Cry for a team that still has one game to play here but has no chance, no hope. And worst of all, no purpose.
Cry for young men such as Alexi Lalas and Eric Wynalda and Marcelo Balboa, who were relegated to the bench in favor of another plan and other men, although they are among those who took the toddling few steps that moved the American game beyond the embarrassment of Italy eight years ago.
Cry for Steve Sampson's grand scheme that was to deliver the American team to the second round of this World Cup and instead failed miserably against a world power such as Germany and on Sunday failed miserably against a poor little soccer-deprived country such as Iran.
Cry for all the could-have-beens, all the we-almost-dids, all the oh-we-were-so-closes.
Cry for Frankie Hejduk, the surfer kid from California, who was the brightest light on the field for the Americans. Hejduk, a blur of long hair and flashing heels and athletic aggression, ran point-blank to the goal in the game's final minutes and -- his entire body in the air -- rifled a kick from only a few feet in front of the net that Iranian goalie Ahmad Abedzadeh sacrificed his body to deflect.
Cry for Brian McBride, who came so close to scoring with a bullet of a header in the opening minutes and finally scored the United States' only goal after the Iranians had a 2-0 lead.
The games we play are rarely as complex as the coaches make them appear. Hit the ball over the fence, get the ball in the end zone, or in the net.
And in soccer, chances to do that come so seldom, it is foolish, and dangerous, to waste an opportunity.
In the end, the Americans took 27 shots, the Iranians took 15, and Jamal Talebi, the Iranian coach who lives in Palo Alto, Calif., was almost apologetic to Sampson afterwards.
"Technically, they dominated a large part of the game," Talebi said, with Sampson standing in another part of the postgame interview room. "I compliment you, Mr. Sampson. You had many chances to score a goal and you did not. That's the only reason you lost the game."
That cut through all the rest of the rhetoric.
This American team, on this night, had many chances to at least tie this game and postpone its fate for another five days, until Thursday when it meets Yugoslavia in Nantes.
Because of recklessness or poor planning, because of bad preparation or bad combinations of players, because of poor luck or fate or circumstances, those chances passed unclaimed.
Cry for the waste.
Cry for the effort that brought these players and their hopes here but can take them no further.

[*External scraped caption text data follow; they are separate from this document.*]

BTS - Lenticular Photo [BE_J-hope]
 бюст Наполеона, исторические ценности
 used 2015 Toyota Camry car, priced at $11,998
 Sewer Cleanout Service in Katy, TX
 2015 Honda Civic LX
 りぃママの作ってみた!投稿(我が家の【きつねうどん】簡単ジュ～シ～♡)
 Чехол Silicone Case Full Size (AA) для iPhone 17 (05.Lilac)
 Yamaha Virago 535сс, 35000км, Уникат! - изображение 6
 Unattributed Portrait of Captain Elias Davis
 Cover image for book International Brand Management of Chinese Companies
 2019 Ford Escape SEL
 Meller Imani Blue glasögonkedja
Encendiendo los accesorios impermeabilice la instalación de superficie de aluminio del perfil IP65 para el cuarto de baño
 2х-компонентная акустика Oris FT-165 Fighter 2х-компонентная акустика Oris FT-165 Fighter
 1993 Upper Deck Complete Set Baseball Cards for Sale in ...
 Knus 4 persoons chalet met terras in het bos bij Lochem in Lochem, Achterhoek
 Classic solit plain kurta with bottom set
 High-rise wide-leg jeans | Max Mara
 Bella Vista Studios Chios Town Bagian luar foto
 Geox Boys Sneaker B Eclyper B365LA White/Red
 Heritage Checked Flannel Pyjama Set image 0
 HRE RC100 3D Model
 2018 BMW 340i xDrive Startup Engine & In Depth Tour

There will be another World Cup in four years, in Asia, but none of these young men -- and certainly not Sampson -- have any guarantee of being there.
Two games into this tournament, it is over for the Americans. One game remains to be played, but now it is meaningless, in contrast to Sunday's match, which was filled with urgency and promise and even a certain amount of intrigue.
This was supposed to be the match with all the animosity, all the hard feelings, all the bitterness that politics can breed. This was supposed to be the good ol' US of A against those bad ol' guys from the faraway place with the strange-sounding names.
And then -- after both national anthems were played -- they did not go their own ways for the team pictures. In a moment that could raise the hair on your arms, they stood together, Jones and Mohammadkhani, Moore and Abedzadeh, McBride and Khakpour, arms around each other, and posed for one giant picture of the two teams together.
Men united, not in a national purpose, not under a common flag, not in a single political posture, but athletes committed to an effort to be the best they could be.
It is not easy to hear this morning, but the Iranians were better Sunday.
And when it was over, most of the Americans, some undoubtedly more at odds with each other and with their coach than with the Iranians, simply could not bear it.
Claudio Reyna, who missed the '94 World Cup with an injury and waited what seemed a lifetime for this bitter disappointment, did not even go through with the customary jersey exchange with a member of the other team.
"It wasn't disrespect," he said. "I just didn't know what to do. I was so completely sad and disappointed."
Most of the Americans disappeared quickly down the tunnel to their dressing room.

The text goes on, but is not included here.